What should be copied is the stretch of entries below from the line with "Italian Gourmet E.R." up to and including the line with "Miniatura 5 de", exactly and without images.

===== Source data

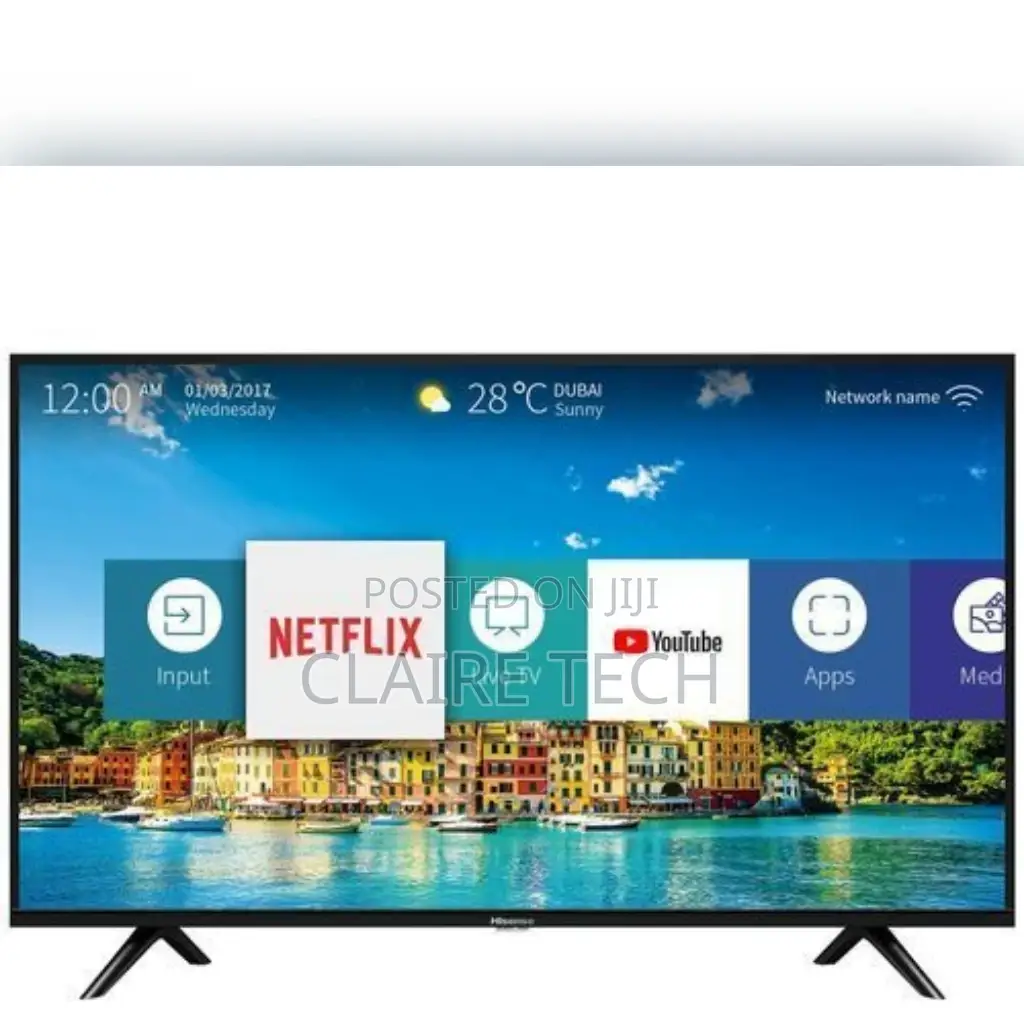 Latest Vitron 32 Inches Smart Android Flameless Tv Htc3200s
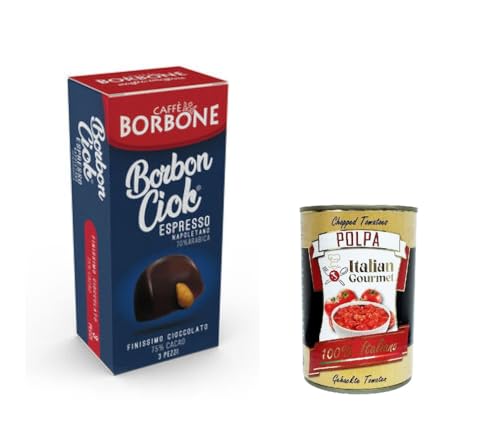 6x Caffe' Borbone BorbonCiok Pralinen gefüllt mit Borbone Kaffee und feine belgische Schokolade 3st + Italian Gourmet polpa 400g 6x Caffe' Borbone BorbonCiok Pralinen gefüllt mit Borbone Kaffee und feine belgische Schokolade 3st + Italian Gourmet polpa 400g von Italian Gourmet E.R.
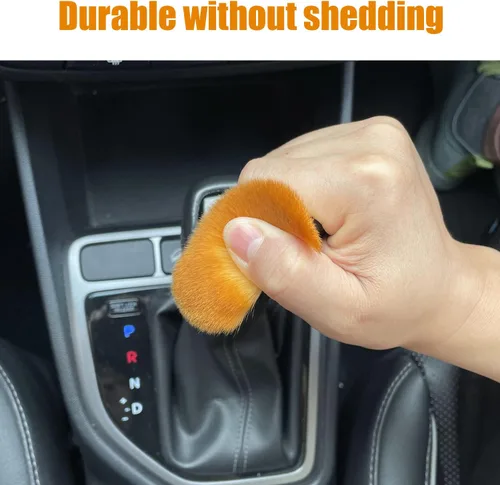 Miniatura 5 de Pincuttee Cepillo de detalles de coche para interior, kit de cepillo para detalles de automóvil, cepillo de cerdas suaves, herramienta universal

==========
===== Source data

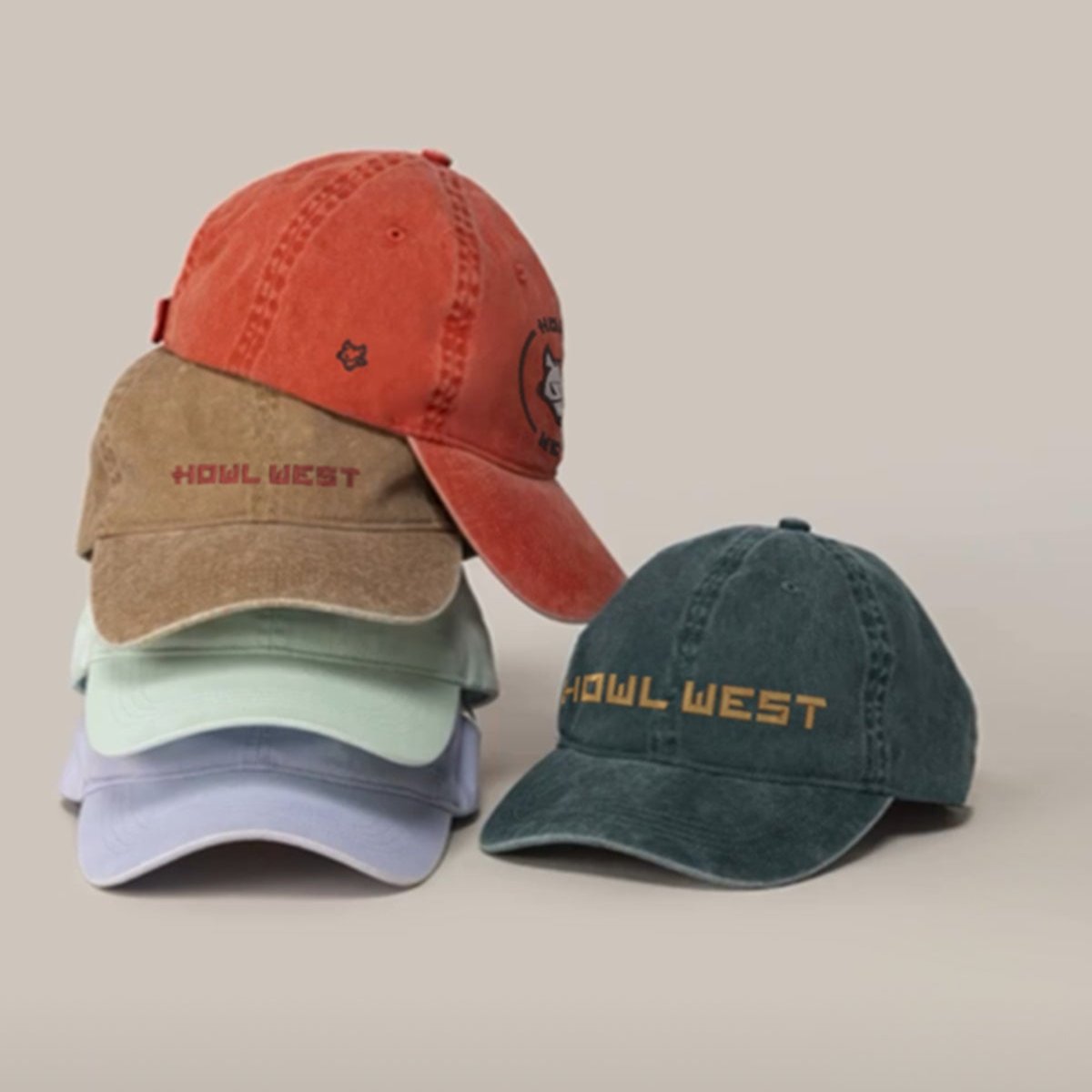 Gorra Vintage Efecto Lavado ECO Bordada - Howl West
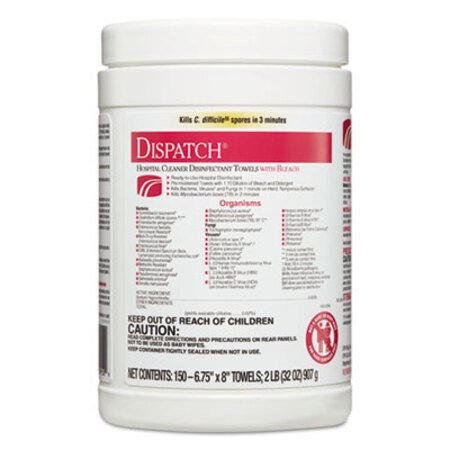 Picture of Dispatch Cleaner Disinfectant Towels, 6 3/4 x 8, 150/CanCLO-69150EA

==========
===== Source data

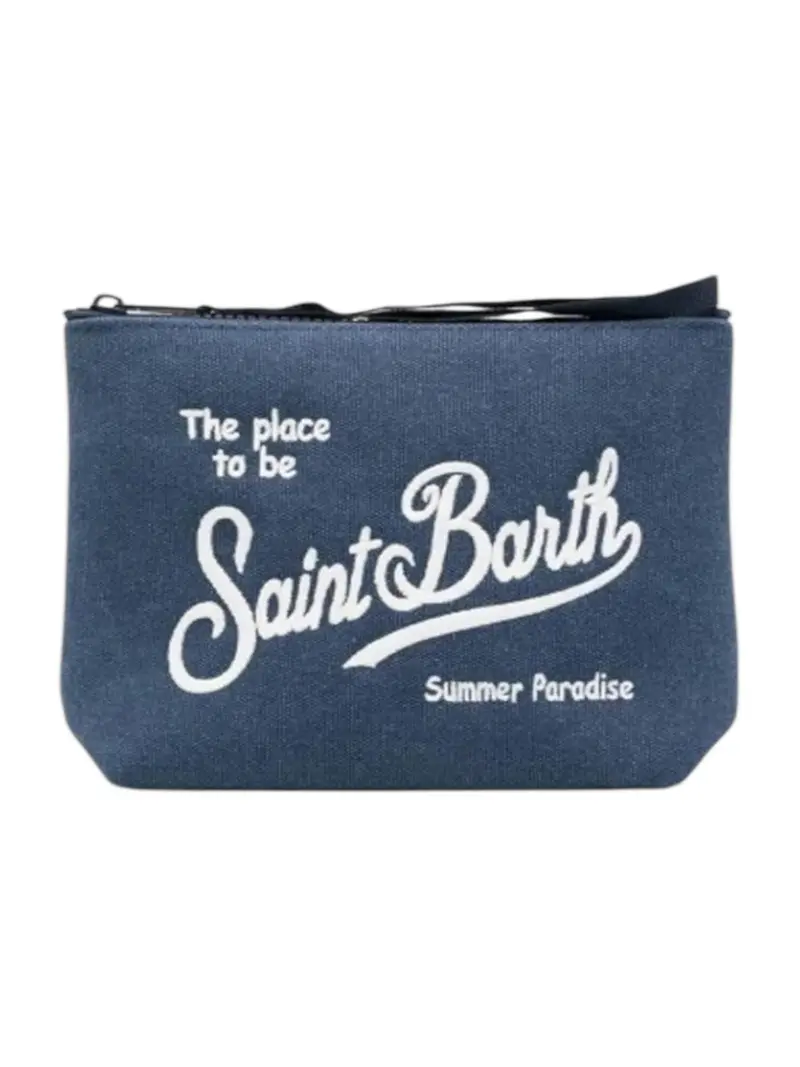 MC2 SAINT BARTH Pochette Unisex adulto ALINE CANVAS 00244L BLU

==========

*Output of the exercise*
 6x Caffe' Borbone BorbonCiok Pralinen gefüllt mit Borbone Kaffee und feine belgische Schokolade 3st + Italian Gourmet polpa 400g 6x Caffe' Borbone BorbonCiok Pralinen gefüllt mit Borbone Kaffee und feine belgische Schokolade 3st + Italian Gourmet polpa 400g von Italian Gourmet E.R.
 Miniatura 5 de Pincuttee Cepillo de detalles de coche para interior, kit de cepillo para detalles de automóvil, cepillo de cerdas suaves, herramienta universal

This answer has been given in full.